19. The game board of claim 18 further comprising exactly 169 said hexagonal spaces, each of said edge rows including eight of said spaces adjacent to one another such that a first space and an eighth space of said edge rows are shared with adjacent edge rows, each of said spaces having one of three distinctly different space indicia, and said spaces being arranged such that no two adjacent spaces have the same said space indicia.
20. The game board of claim 19, wherein said space indicia are visually distinct colors.
21. The game board of claim 17 further comprising exactly 169 said hexagonal spaces, each of said edge rows including eight of said spaces adjacent to one another such that a first space and an eighth space of said edge rows are shared with adjacent edge rows, each of said spaces having one of three distinctly different space indicia, and said spaces being arranged such that no two adjacent spaces have the same said space indicia.
22. The game board of claim 21, wherein said space indicia are visually distinct colors.
23. The game board of claim 15 further comprising exactly 169 said hexagonal spaces, each of said edge rows including eight of said spaces adjacent to one another such that a first space and an eighth space of said edge rows are shared with adjacent edge rows, each of said spaces having one of three distinctly different space indicia, and said spaces being arranged such that no two adjacent spaces have the same said space indicia.
24. The game board of claim 23, wherein said space indicia are visually distinct colors.
Description
BACKGROUND OF THE INVENTION

This invention relates to the art of chess games and, more particularly, to an improved three player chess game in which the pieces of each set of game pieces are initially positioned adjacent to a different side of a game board having hexagonal spaces and six sides.

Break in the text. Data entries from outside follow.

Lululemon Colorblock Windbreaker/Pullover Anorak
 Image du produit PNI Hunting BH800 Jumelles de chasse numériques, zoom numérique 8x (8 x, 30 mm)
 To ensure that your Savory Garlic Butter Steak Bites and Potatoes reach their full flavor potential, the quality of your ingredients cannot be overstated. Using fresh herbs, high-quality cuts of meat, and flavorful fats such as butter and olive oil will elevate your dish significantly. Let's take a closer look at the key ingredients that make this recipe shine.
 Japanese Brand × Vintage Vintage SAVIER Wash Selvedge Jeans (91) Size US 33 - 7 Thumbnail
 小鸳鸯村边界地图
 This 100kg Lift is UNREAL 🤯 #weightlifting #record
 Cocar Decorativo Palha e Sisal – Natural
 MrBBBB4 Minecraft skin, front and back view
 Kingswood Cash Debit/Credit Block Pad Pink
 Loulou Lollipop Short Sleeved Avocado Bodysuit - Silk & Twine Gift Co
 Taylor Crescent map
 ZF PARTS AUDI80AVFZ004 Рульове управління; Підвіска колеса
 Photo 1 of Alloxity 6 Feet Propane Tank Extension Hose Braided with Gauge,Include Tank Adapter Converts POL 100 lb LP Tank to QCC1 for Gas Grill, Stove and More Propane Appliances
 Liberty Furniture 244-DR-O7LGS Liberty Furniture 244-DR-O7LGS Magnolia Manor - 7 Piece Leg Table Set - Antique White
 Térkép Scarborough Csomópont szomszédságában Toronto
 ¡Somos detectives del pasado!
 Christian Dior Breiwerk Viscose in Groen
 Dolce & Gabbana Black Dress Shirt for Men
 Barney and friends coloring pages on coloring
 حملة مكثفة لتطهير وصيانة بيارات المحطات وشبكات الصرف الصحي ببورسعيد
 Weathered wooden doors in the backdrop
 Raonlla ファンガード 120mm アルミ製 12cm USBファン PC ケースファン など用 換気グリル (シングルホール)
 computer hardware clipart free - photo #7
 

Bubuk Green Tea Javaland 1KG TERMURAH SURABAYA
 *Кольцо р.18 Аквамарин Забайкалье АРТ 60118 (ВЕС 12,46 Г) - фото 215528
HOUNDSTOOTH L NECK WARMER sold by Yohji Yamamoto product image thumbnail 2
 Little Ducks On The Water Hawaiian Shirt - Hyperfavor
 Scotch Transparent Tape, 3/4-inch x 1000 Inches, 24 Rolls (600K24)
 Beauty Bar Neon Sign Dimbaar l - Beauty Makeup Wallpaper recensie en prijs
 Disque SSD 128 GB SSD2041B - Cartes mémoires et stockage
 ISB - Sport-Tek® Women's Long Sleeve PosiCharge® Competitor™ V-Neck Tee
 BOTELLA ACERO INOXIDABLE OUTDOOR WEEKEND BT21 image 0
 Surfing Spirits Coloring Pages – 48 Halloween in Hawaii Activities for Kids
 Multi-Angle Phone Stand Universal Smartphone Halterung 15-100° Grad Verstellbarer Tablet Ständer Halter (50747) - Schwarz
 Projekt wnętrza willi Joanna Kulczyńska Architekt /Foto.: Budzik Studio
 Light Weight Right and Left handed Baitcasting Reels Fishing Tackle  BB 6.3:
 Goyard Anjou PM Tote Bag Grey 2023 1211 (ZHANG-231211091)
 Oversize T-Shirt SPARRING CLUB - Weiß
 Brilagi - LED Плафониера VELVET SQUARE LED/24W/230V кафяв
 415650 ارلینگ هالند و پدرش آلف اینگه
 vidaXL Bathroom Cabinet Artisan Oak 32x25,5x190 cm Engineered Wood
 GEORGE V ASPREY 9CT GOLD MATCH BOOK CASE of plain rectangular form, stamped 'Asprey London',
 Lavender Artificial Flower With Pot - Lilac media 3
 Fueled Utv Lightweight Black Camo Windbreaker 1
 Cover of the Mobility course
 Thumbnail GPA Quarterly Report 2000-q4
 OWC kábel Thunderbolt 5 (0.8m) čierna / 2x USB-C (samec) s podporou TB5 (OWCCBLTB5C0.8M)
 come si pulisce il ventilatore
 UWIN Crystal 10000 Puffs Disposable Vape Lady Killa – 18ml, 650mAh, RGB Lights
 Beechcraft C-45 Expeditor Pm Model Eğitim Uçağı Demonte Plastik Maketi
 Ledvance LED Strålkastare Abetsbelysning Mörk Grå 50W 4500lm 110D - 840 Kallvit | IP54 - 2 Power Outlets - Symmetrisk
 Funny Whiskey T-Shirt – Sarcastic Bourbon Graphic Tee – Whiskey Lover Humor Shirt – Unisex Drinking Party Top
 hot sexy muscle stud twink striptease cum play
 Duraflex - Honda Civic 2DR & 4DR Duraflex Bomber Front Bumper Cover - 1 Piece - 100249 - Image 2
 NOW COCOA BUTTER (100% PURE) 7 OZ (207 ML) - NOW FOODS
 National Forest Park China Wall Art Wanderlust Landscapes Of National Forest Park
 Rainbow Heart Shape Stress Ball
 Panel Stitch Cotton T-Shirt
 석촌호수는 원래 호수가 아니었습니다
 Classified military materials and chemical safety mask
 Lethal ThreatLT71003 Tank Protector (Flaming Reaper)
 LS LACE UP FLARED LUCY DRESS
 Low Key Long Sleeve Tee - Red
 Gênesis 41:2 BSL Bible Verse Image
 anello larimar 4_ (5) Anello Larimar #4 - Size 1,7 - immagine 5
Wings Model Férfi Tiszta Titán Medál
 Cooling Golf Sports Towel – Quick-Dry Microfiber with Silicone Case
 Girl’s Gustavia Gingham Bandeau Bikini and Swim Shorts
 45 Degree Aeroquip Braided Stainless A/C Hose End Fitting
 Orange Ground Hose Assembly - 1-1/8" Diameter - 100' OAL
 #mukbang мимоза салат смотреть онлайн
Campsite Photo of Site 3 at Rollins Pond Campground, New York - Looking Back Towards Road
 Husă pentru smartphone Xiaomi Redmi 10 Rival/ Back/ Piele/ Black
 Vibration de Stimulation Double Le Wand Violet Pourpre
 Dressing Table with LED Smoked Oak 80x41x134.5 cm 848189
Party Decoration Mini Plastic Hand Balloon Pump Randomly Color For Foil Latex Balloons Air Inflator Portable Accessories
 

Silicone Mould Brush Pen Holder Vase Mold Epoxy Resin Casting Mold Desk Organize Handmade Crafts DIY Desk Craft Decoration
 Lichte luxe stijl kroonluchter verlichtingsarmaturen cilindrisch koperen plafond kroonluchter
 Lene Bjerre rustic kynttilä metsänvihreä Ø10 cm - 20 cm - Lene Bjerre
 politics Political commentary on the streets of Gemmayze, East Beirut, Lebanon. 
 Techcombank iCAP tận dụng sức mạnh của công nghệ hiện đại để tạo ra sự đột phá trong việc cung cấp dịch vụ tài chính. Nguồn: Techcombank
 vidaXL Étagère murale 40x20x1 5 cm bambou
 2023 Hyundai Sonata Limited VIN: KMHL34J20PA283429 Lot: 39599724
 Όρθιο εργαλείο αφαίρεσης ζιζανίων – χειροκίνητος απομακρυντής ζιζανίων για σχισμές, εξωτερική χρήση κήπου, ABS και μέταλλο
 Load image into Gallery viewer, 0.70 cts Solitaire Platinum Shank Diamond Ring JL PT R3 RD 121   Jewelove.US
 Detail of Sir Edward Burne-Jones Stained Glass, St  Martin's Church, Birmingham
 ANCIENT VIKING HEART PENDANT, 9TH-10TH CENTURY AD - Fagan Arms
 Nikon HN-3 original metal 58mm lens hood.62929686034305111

Modified chess games designed for play by three players are known in the art, but these games fail to maintain the true feel of a traditional chess game while allowing effective engagement of two opponents. This is a result, in part, of the configuration of the chess board which restricts the movements of the game pieces. In this respect, some prior art game boards require the game pieces to be initially set up unconventionally, thereby, restricting the initial moves of the game pieces at the start of the game. Initial movements are restricted by the initial position of one game piece blocking a move of other game pieces or by the number of spaces between the opponents' game pieces preventing a traditional opening move strategy. Moreover, some disclosed game boards have configurations and layouts which inhibit simultaneous engagement with two opponents. Simultaneous engagement requires the game pieces to have the ability to effectively shift their engagement from one opponent to the other opponent. If too many game pieces become committed to engaging with one opponent, an offensive move by the other opponent cannot be effectively addressed by those pieces. As a result, the game pieces of each opponent become separated into two distinct groups which separately engage each opponent, thereby, restricting multiple piece strategies as found in a traditional chess game. Furthermore, some of the prior game boards restrict the movement ability of the game pieces by having an undesirable game space shape or and undesirable ratio between open spaces and occupied spaces. Too many or too few open spaces require unconventional moves to engage the opponents and inhibit simultaneous engagement.

The Rewega U.S. Pat. No. 5,158,302 (hereinafter "the '302 patent") discloses a three player chess game comprising a truncated triangular game board on which the game pieces are initially positioned unconventionally. While traditional chess games have the game pieces set up in two rows, the '302 patent discloses a chess game where the game pieces are set up in three rows at the truncated corners of the board. The '302 patent also discloses less pawns than a traditional chess game. This unconventional set-up creates restrictions in the initial moves of the game pieces. Furthermore, the reduced number of pawns and limited open spaces of the game board reduce the number of potential moves during the chess game. As a result, the '302 patent discloses a chess game that fails to play and have the same feel as a traditional chess game.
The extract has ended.